Activity: Copy task. Retype the whole listing exactly, omitting any picture in it.

Records to process below:

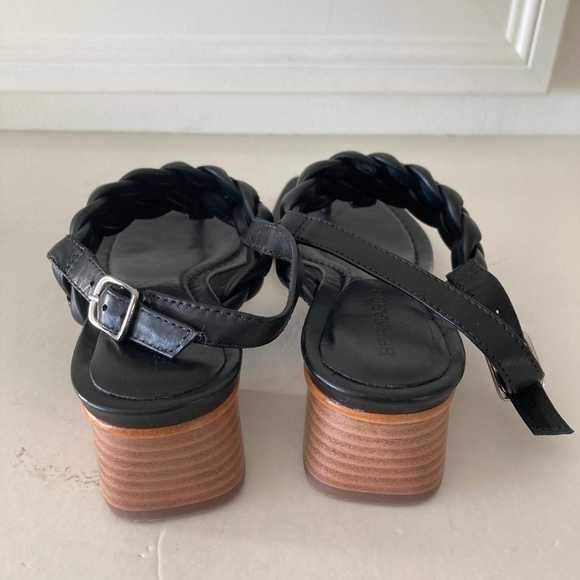 NWOT Bernardo Anthropologie Jasmine Braided Black Leather Heels Sz 7 - Picture 7 of 8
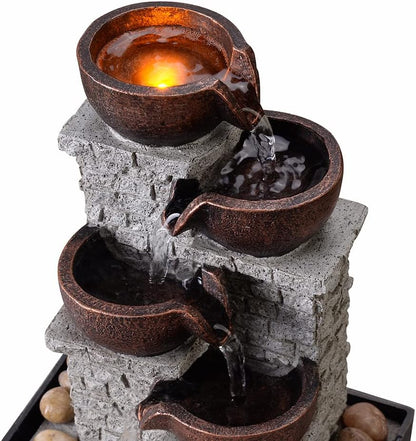 Kalona Indoor Tabletop Water Fountain – 3-Tier Resin Waterfall with LED Lights, Mini Bonsai Planter & Cascading Water Flow – Soothing Desk Fountain for Home, Office, Meditation Decor(22024)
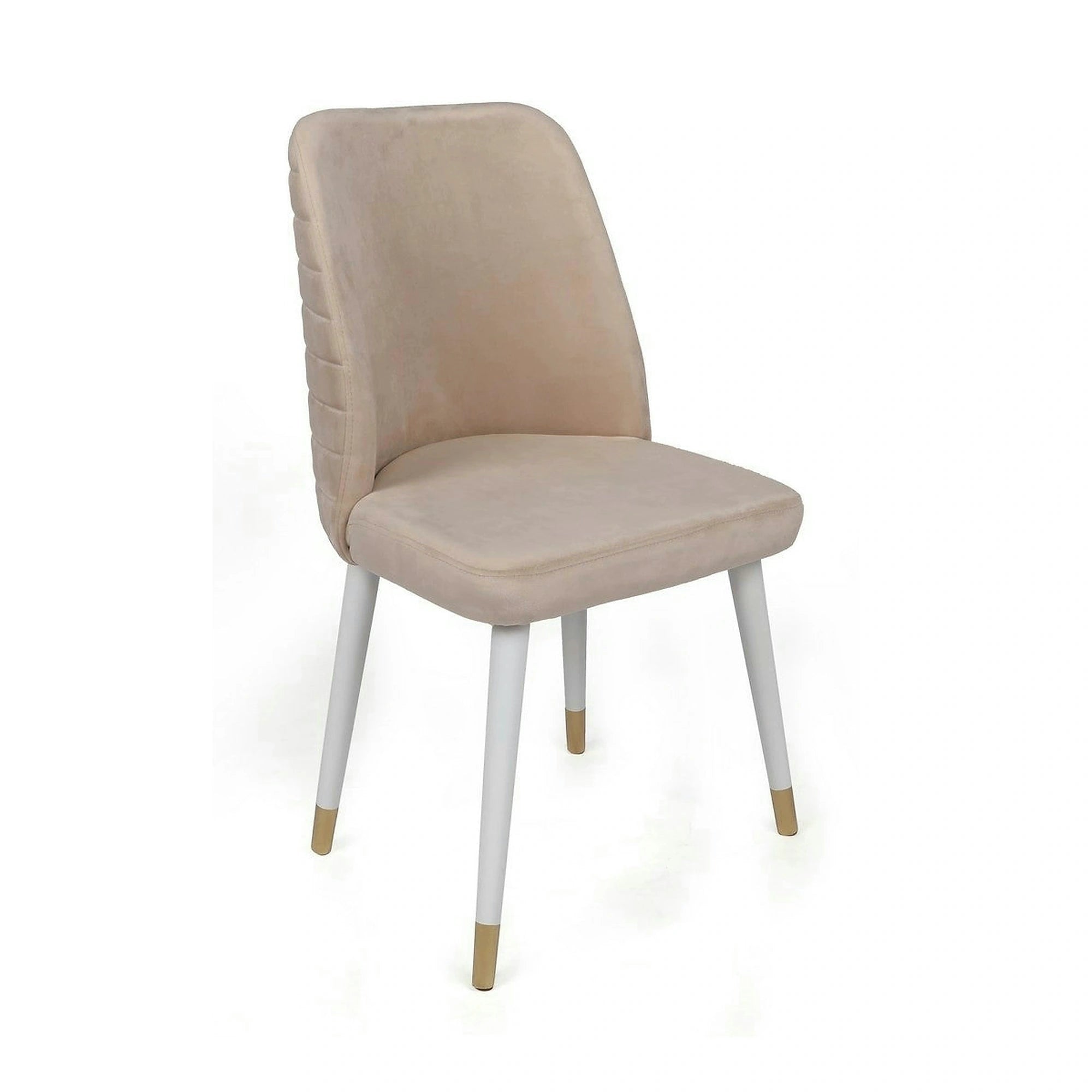 Set 4 scaune HUGO-407 V4, bej/alb, stofa catifelata/metal, 50x49x90 cm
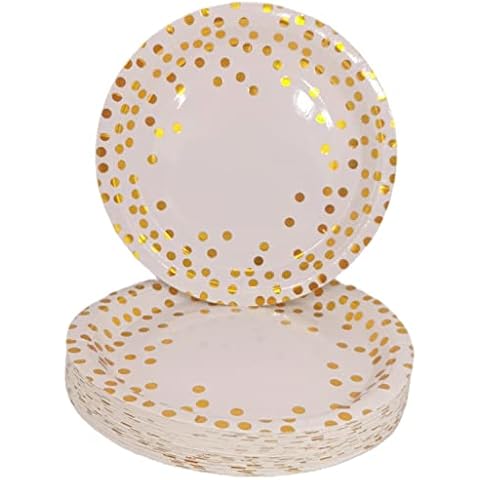 CEILIWEN White and Gold Plates, White Gold Paper Plates, 7’’ Polka Dot Paper Plates, Paper Party Plates, Gold Party Plates, Pack of 50 (White Gold Plates) Cover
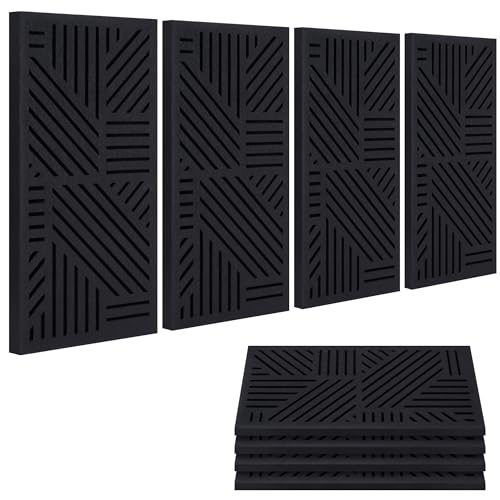 BUBOS 4 Pcs Decor Acoustic Panel 23.6x11.8" Self Adhesive Acoustic Wall Art - color: Black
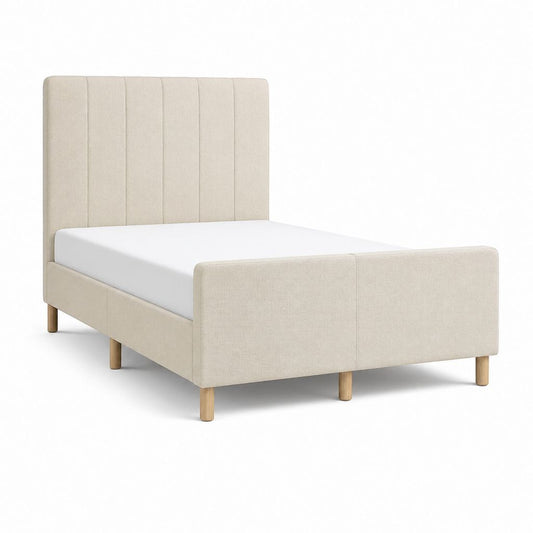 Polsterbettgestell Beige mit Polyesterbezug und Massivholzfüßen Rechteckig 160 x 200 cm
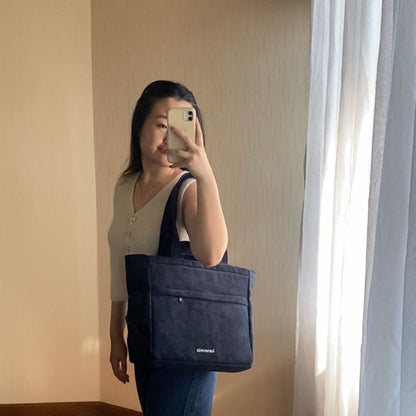 Kanavaia Double-Handle Corduroy Tote Bag Navy Blue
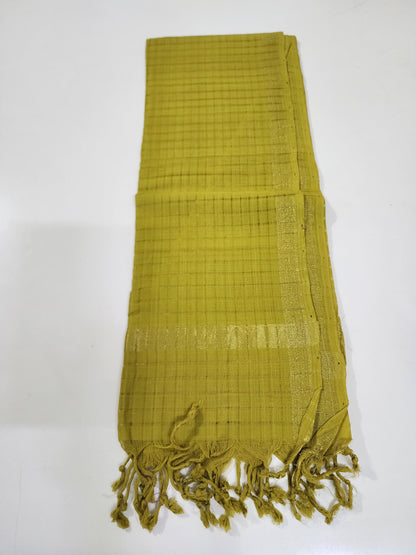 Handloom Cotton Greengram green Dupatta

End of Records to process.

Solution to the problem:
 NWOT Bernardo Anthropologie Jasmine Braided Black Leather Heels Sz 7 - Picture 7 of 8
 Kalona Indoor Tabletop Water Fountain – 3-Tier Resin Waterfall with LED Lights, Mini Bonsai Planter & Cascading Water Flow – Soothing Desk Fountain for Home, Office, Meditation Decor(22024)
 Set 4 scaune HUGO-407 V4, bej/alb, stofa catifelata/metal, 50x49x90 cm
 CEILIWEN White and Gold Plates, White Gold Paper Plates, 7’’ Polka Dot Paper Plates, Paper Party Plates, Gold Party Plates, Pack of 50 (White Gold Plates) Cover
 BUBOS 4 Pcs Decor Acoustic Panel 23.6x11.8" Self Adhesive Acoustic Wall Art - color: Black
 Polsterbettgestell Beige mit Polyesterbezug und Massivholzfüßen Rechteckig 160 x 200 cm
 Kanavaia Double-Handle Corduroy Tote Bag Navy Blue
 Handloom Cotton Greengram green Dupatta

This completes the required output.